# Routes for Our Honeymoon (France)



## Sizer (Jul 11, 2010)

We are going on honeymoon to France in our vw camper. We are looking for places to see and ideas of were to stay as cheap as possible. We have an approximate route and some ideas of places than can be seen here :

Our Proposed route

Our Honeymoon Blog

We did look at Aires but we do not have a toilet in our VW Camper so that may not be an option.

Any ideas, suggestions of sites, places to see or better routes would be greatly appreciated as I want this honeymoon adventure to be something we both remember for a long time!! A must are the huge Dunes though, as a keen photographer I like the look of them.


----------



## Grizzly (May 9, 2005)

Hi and welcome to you both and congatulations !

You route is a lovely one and there is lots to see.

A possible way of overcoming the lack of loo is to do as many French caravanners do and carry a lidded bucket ( honest ! You see loads of them emptying them in the morning). An nicer alternative is a small Elsan portable loo which you can keep in a cupboard or even loose and empty where other motorhomers empty them at aires. They are well sealed so you will have no problems with smell.You can get some really compactl ones too- try Ebay.

The aire at Dune de Pyla is not cheap but there are - were when we were last there anyway- some rather scruffy loos which are open all night.
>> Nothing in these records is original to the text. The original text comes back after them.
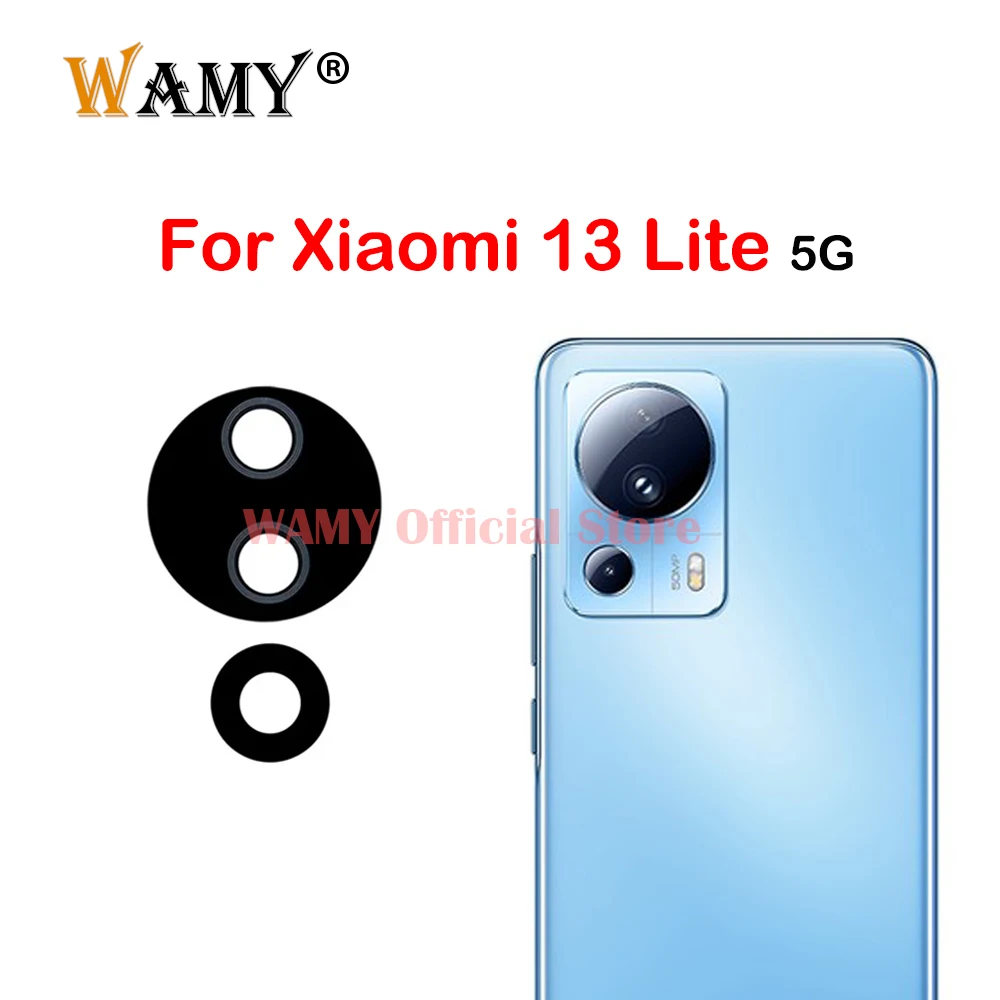 

WAMY новая задняя камера стеклянный объектив Замена для Xiaomi 13 Lite 5G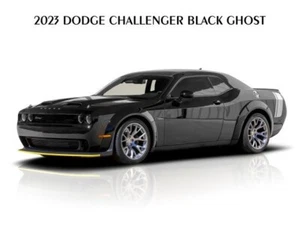 2023 Dodge Challenger Black Ghost Blechschild: 12x16" versandkostenfrei - Bild 1 von 1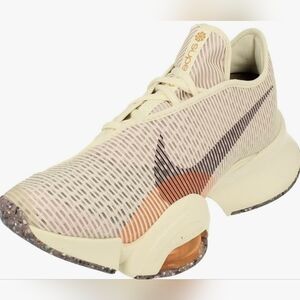 Nike Air Zoom  Women's Cream and Orange Athletic Shoes Size US7/EUR 38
Better ones- pay- are open in the day.

Because your route is favoured by surfers there are lots of free and cheap aires and wildcamping places all down the coast.

I you go on further down the coast there is a large aire at Biarritz though it gets busy in high season.

When is the big day ?

G

Edit: See-

http://www.outdoorworld.co.uk/kampa-khazi-camping-toilet-p-604.html


----------



## tonyt (May 25, 2005)

That sounds brilliant.

Glad to see there's still some spirit of adventure with young people.

Don't abandon the idea of using aires (very economical) for the sake of a £50 Porta Potti. 
It may not be as smart as big motorhome toilet facilities but if you're tight on pennies it can save you a lot of money in campsite fees.
Also remember that France is brimming with big supermarkets and Mc Donalds, all of which have pretty good toilet facilities.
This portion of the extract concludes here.